Going to release a decent amount of baccy here. I've been finding myself piping less and less. While I've certainly enjoyed the experience and all of the assistance from other BOTL'S on here pushing me down another rabbit hole, I feel it's time for me to exit piping and buy more cigars.

That being said, this would probably be a good starter package for anyone looking to get into it, or for someone looking to stock up. My preference is to sell it all at once.

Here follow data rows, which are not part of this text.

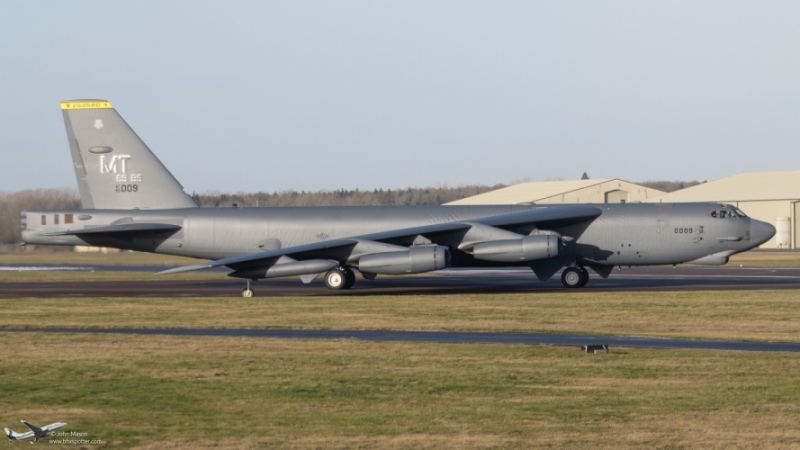60-0009 B52H USAF 2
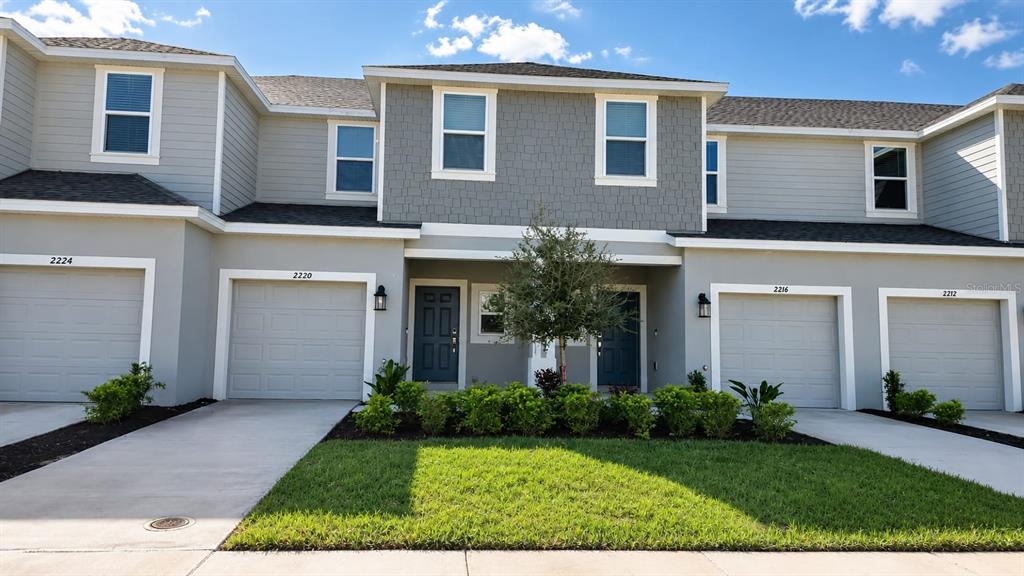 2220 Portrait St main architectural view
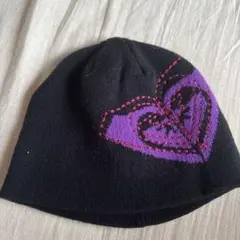 ROXY kidsハート刺繍の黒ニット帽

Price is $300 including shipping to the lower 48. PayPal F&F.

Sealed Tins

2019 Warped Kings Stride ×2
2019 Warped The Haunting x2
2018 C&D Haunted Bookshop
2018 C&D Billy Budd
2019 C&D Small Batch Carolina Red Flake
2018 D&R Racoons Delight
2015 H&H Bold Kentucky
2018 H&H Magnum Opus
2018 Dunhill Nightcap
2019 Cult Blood Red Moon
2019 Samuel Gawith Squadron Leader w/Perique 
2019 Lane 1Q
2019 Orlik Golden Sliced 
2019 Balkan Sobranie
2019 Esoterica Margate x2

Loose Bags

2019 Sutliff Christmas Spice 1 oz.
2018 Cult Blood Red Moon .5 oz.
2017 Sutliff Summer Night 1 oz.
2016 H&H El Nino 1 oz.
2019 Warped Cloud Hopper 1 oz.


Pipes, Stand, & Accessories 

Big Ben Briar Pipe
Custom Briar Pipe (Loose fitting stem)
6ct. Pipe stand with storage
2x 50ct Pipe cleaners
Hard bristle Pipe cleaners
Pipe Reamer
Pipe Nail
Multi Tool




















































Sent from my SM-F916U1 using Tapatalk


----------



## MattT (May 31, 2017)

Bump and lower to $280.

Sent from my SM-F916U1 using Tapatalk


----------



## aliasPiper (Aug 30, 2021)

MattT said:


> Bump and lower to $280.
> 
> Sent from my SM-F916U1 using Tapatalk


Matt,
I just happened upon this forum - you still have this stuff available to sell?
I have been looking for a lot of these blends - and have some money to buy 
are you willing to break this up - or is it for everything as is?
let me know
I.M.


----------



## aliasPiper (Aug 30, 2021)

I'm a 'new user' so I can't PM you directly for some reason - but I'm here


----------